Spark Getting Started Guide
Setup
Setup
To use LakeSoul in Spark, first configure Spark Catalog. LakeSoul uses Apache Spark’s DataSourceV2 API for data source and catalog implementations. Moreover, LakeSoul provides scala table API to extend the capability of LakeSoul table.
Spark 3 Support Matrix
LakeSoul | Spark Version |
---|---|
2.2.x-2.4.x | 3.3.x |
2.0.x-2.1.x | 3.1.x |
Spark Shell/SQL/PySpark
Run spark-shell/spark-sql/pyspark with the LakeSoulSparkSessionExtension
sql extension.
- Spark SQL
- Scala
- PySpark
spark-sql --conf spark.sql.extensions=com.dmetasoul.lakesoul.sql.LakeSoulSparkSessionExtension --conf spark.sql.catalog.lakesoul=org.apache.spark.sql.lakesoul.catalog.LakeSoulCatalog --conf spark.sql.defaultCatalog=lakesoul --jars lakesoul-spark-spark-3.3-2.6.2.jar
spark-shell --conf spark.sql.extensions=com.dmetasoul.lakesoul.sql.LakeSoulSparkSessionExtension --conf spark.sql.catalog.lakesoul=org.apache.spark.sql.lakesoul.catalog.LakeSoulCatalog --conf spark.sql.defaultCatalog=lakesoul --jars lakesoul-spark-spark-3.3-2.6.2.jar
wget https://github.com/lakesoul-io/LakeSoul/tree/main/python/lakesoul/spark/tables.py
pyspark --conf spark.sql.extensions=com.dmetasoul.lakesoul.sql.LakeSoulSparkSessionExtension --conf spark.sql.catalog.lakesoul=org.apache.spark.sql.lakesoul.catalog.LakeSoulCatalog --conf spark.sql.defaultCatalog=lakesoul --jars lakesoul-spark-spark-3.3-2.6.2.jar --py-files tables.py
Setup Maven Project
Include maven dependencies in your project:
<dependency>
<groupId>com.dmetasoul</groupId>
<artifactId>lakesoul-spark</artifactId>
<version>3.3-2.6.2</version>
</dependency>
- Scala
// Scala
import org.apache.spark.sql.SparkSession
import org.apache.spark.sql.types._
import org.apache.spark.sql.Row
import org.apache.spark.sql.lakesoul.LakeSoulOptions
import spark.implicits._
import com.dmetasoul.lakesoul.tables.LakeSoulTable
val builder = SparkSession.builder()
.master("local")
.config("spark.sql.extensions", "com.dmetasoul.lakesoul.sql.LakeSoulSparkSessionExtension")
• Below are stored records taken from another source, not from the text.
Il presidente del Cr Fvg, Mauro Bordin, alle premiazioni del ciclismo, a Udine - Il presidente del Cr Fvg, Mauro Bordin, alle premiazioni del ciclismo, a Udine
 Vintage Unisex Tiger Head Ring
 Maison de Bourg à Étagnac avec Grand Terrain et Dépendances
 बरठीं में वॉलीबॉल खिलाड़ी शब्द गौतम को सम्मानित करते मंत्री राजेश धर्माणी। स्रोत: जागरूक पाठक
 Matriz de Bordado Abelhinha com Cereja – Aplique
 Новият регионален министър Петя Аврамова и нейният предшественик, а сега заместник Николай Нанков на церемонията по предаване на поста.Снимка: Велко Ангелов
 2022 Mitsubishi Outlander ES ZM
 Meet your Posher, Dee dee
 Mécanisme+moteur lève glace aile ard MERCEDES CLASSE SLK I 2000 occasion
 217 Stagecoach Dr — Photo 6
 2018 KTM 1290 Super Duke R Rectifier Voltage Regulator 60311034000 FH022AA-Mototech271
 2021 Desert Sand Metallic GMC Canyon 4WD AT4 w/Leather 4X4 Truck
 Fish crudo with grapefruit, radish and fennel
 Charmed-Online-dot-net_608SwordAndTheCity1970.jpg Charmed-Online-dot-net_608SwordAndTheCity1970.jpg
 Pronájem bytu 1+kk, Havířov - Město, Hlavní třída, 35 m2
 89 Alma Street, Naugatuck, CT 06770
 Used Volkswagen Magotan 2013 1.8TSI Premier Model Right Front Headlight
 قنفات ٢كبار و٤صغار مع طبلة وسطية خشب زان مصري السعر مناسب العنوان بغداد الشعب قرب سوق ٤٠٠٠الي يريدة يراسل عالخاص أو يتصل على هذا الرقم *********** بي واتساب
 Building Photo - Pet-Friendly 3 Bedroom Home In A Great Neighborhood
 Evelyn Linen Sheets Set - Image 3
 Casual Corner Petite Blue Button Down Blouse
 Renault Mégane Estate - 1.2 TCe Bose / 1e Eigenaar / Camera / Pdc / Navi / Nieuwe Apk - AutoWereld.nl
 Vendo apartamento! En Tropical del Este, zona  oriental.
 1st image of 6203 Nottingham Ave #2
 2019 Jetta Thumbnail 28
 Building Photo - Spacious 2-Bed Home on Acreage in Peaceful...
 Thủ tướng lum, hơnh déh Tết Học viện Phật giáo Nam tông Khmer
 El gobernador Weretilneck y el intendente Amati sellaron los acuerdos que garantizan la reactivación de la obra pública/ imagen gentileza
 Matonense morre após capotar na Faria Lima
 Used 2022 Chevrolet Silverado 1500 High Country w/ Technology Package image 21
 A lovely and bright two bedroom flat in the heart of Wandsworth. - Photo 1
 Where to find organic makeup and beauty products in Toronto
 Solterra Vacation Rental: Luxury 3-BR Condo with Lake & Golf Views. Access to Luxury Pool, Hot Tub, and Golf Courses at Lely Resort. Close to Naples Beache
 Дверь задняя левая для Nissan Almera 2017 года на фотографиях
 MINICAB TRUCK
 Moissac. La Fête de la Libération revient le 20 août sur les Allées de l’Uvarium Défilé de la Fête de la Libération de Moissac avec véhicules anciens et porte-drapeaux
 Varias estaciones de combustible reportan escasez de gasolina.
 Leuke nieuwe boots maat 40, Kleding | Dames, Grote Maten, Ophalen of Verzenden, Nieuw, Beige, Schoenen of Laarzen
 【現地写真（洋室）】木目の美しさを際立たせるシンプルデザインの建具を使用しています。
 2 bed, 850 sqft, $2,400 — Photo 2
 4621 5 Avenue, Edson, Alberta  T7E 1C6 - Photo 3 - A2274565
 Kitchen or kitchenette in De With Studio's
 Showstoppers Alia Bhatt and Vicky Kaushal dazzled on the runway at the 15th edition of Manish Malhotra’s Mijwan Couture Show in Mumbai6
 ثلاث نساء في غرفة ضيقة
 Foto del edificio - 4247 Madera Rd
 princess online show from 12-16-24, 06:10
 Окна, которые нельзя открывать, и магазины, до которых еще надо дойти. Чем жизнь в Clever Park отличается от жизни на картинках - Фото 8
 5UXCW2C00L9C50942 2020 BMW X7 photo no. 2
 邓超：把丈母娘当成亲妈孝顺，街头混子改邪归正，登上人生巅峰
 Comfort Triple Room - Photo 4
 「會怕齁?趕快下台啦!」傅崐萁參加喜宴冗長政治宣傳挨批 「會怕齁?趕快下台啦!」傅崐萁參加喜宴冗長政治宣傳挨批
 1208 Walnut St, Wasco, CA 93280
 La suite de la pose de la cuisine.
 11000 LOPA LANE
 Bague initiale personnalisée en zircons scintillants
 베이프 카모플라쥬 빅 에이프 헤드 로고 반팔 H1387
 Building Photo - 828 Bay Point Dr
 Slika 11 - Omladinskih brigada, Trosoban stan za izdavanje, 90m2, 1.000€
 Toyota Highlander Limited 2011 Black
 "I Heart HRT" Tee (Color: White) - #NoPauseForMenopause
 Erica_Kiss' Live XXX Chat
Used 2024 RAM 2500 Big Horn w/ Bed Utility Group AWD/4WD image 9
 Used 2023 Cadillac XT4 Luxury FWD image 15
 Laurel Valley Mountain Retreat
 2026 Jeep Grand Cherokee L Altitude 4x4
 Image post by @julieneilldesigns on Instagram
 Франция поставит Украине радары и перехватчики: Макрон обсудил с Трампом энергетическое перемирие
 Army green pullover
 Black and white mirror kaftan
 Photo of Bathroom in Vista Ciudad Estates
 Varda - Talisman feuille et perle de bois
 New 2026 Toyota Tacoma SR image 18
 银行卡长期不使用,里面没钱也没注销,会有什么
.config("spark.sql.catalog.spark_catalog", "org.apache.spark.sql.lakesoul.catalog.LakeSoulCatalog")
.config("spark.sql.defaultCatalog", "lakesoul")
val spark = builder.getOrCreate()
Create Namespace
First, create a namespace for LakeSoul table, default namespace of LakeSoul Catalog is default
.
- Spark SQL
- Scala
- PySpark
CREATE NAMESPACE IF NOT EXISTS lakesoul_namespace;
USE lakesoul_namespace;
SHOW TABLES;
// Scala
spark.sql("CREATE NAMESPACE IF NOT EXISTS lakesoul_namespace")
spark.sql("USE lakesoul_namespace")
spark.sql("SHOW TABLES")
// python
spark.sql("CREATE NAMESPACE IF NOT EXISTS lakesoul_namespace")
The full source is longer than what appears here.